Minimizing the discrepancy function coincides with finding the parameter values that make the observed data most probable under the assumed model. Note that also other discrepancy functions exist, such as F_ULS, which minimizes the sum of squares of each element in the residual matrix $S - Σ (θ)$ (see, for instance, Schermelleh-Engel et al., Citation2003). Although less efficient than F_ML, the latter discrepancy function has the advantage that it is consistent without relying on distributional assumptions (Bollen, Citation1989).

Despite the useful statistical properties of the ML estimator (see, for instance, Bollen, Citation1989), there are a few well-known issues with the vanilla ML approach. Apart from its vulnerability to structural misspecifications and interpretational confounding (cf. supra), there are at least two additional issues worth mentioning. A first problem relates to how the aforementioned optimization problem is solved. Although it is possible to analytically derive a closed-form solution in some special cases, the optimization problem usually requires the use of iterative root-finding algorithms. Starting with an initial guess of the parameter values, the aim of such algorithms is to repeatedly update the parameter values towards a smaller discrepancy (or, equivalently, a higher likelihood) leveraging first order derivatives (quasi-Newton methods), and possibly second order derivatives (Newton methods) to quickly move towards a (local) minimum (Kochenderfer & Wheeler, Citation2019). Usually, convergence is said to be reached when (i) there is only a minimal change in estimates (or equivalently, in likelihoods) across two consecutive iterations, (ii) all elements of the gradient are near zero, and (iii) the Hessian is negative definite (in case of maximization) or positive definite (in case of minimization). Especially in smaller samples, there is no guarantee that the algorithm will actually find such a stable minimum (e.g., Boomsma, Citation1985). Note that optimizing F_ULS instead of F_ML will not circumvent this issue, as optimizing F_ULS proceeds via iterative algorithms as well.

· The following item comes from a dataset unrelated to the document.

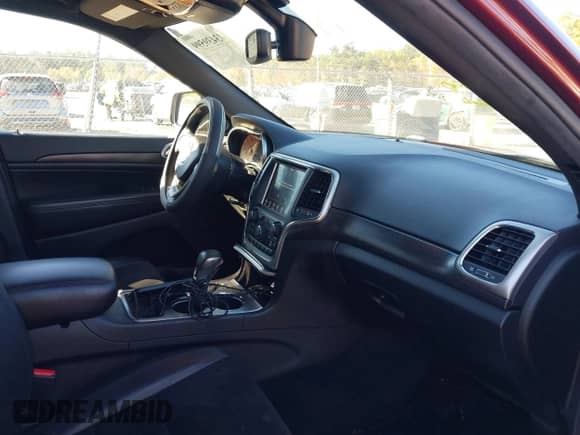 2018 Jeep Grand Cherokee Altitude z VIN 1C4RJFAG4JC343770, wystawiony jako IAAI lot #43439599 z przebiegiem 136 804 mil mil oraz . Historia ofert i sprzedaży dostępna na DreamBid. Obrazek 5.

A second issue of ML is that the final estimates may not necessarily be located within the admissible parameter space. Without additional constraints, it is not uncommon to obtain improper solutions, such as negative variances or correlations with an absolute value larger than one (e.g., Anderson & Gerbing, Citation1984). Although such values may be indicative of flaws in the hypothesized model, this is not necessarily the case. That is, apart from model misspecifications, also sampling fluctuations may give rise to improper values, especially when population values are located close to their boundaries (Van Driel, Citation1978). As recently shown by De Jonckere and Rosseel (Citation2022), it may be desirable to impose (data-driven) bounds on the parameters, thereby substantially reducing (but not eliminating) both the number of non-convergent and improper solutions.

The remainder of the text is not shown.